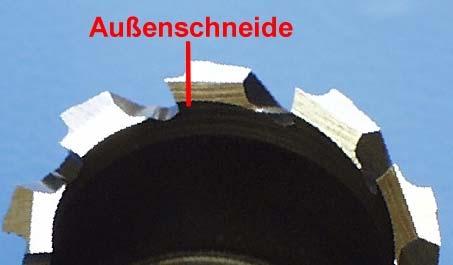 (Bild rechts) Mit Hilfe der Laserführungsstange, den Strahler so ausrichten, dass die Lichtlinie genau auf die Außenschneide trifft.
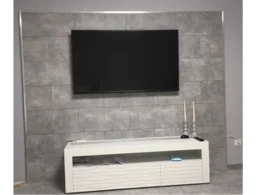 Fernseher auf einem Fernsehtisch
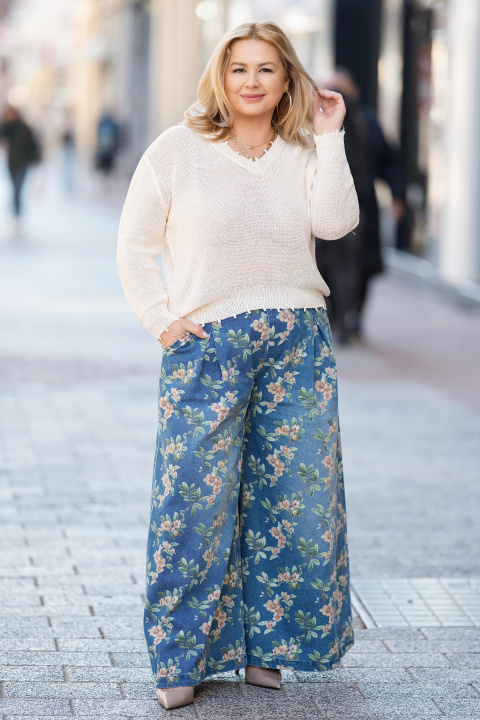 МАКСИ памучни дънки в синьо с флорален принт и разкроени крачоли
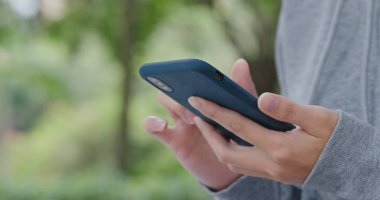 Parkta Smartphone kullanan kadın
* * *
→ Task item
Without the pictures, write out the whole listing exactly as it appears.

→ Response for this exercise
 (Bild rechts) Mit Hilfe der Laserführungsstange, den Strahler so ausrichten, dass die Lichtlinie genau auf die Außenschneide trifft.
 Fernseher auf einem Fernsehtisch
 МАКСИ памучни дънки в синьо с флорален принт и разкроени крачоли
 Parkta Smartphone kullanan kadın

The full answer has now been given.